When Does the Worry End?
By Donna Kostiew
Why didn’t someone tell me, before I had children, that I’d never sleep through the night again?! My daughters robbed me of sleep during late-night feedings and diaper changes when they were infants. They intruded on my beauty rest during sickness and sleepovers when they were young children, and then even more so through their teens. And now that they are in college? Well, let’s just say that I haven’t caught up on all of my Zzzz’s yet and I rarely go to sleep at night without thinking of them first. I have been told over and over again, usually by my own mother, that a parent’s worry never ends. And although my children are only at the higher education stage right now, I know that at some point in the future, I will be telling my mother, “You were right”.
I also know that I will not be alone.
According to results in a recent study, many parents with grown children still lose sleep and feel the same stress in their older age as they did when their children were young. Does this sound like your parents? Does this sound like you? There will come a time when you may want to stay involved and continue the support that you have always shown your child throughout the years, but be warned. This level of involvement doesn’t come without some risk to your health.
Who Wants Worry?
This isn’t new. We’ve been counseled by our doctors, we’ve read the health magazines, and we’ve watched the TV shows address this issue. Worry and stress negatively impact our lives in so many ways. For instance, they can cause:
- Loss of sleep
- Immune suppression
- Poor eating habits
- Lack of exercise
Ugh! Nobody wants that, but what can be done if it’s true that your worry will never end? Well, you can deal with your future worry and stress by developing healthy coping strategies now.
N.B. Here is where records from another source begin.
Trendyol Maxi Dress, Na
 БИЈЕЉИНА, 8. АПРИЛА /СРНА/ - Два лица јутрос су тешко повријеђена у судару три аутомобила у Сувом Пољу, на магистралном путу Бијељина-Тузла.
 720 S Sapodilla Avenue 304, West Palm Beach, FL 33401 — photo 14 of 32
Parents … Bring on the Calm
Sometimes, a gentle reminder to bring focus and clarity back into a situation is needed. Here are some tips on how you can reduce the level of stress and worry in your life:
- Reflect on your intentions and the level of involvement you have in your child’s life
- Put things in perspective, as worry is always rooted in fear
- Determine an appropriate strategy with your child for addressing the problems causing you stress
- Give up control and let your child’s journey be their own
- Breathe, meditate, or relax
- Get support through friends or become socially active
Having stress in our lives is not the problem. It only becomes a problem when we can’t manage it in healthy ways. There is nothing wrong and no reason to find fault with parental worrying as long as it’s manageable. So instead of stressing about the small, individual events in your grown child’s life that you see on Facebook every week, realize that many of the things you are worrying about are temporary. Offer encouragement, let them know you are there, but don’t forget about yourself and your own health in the process.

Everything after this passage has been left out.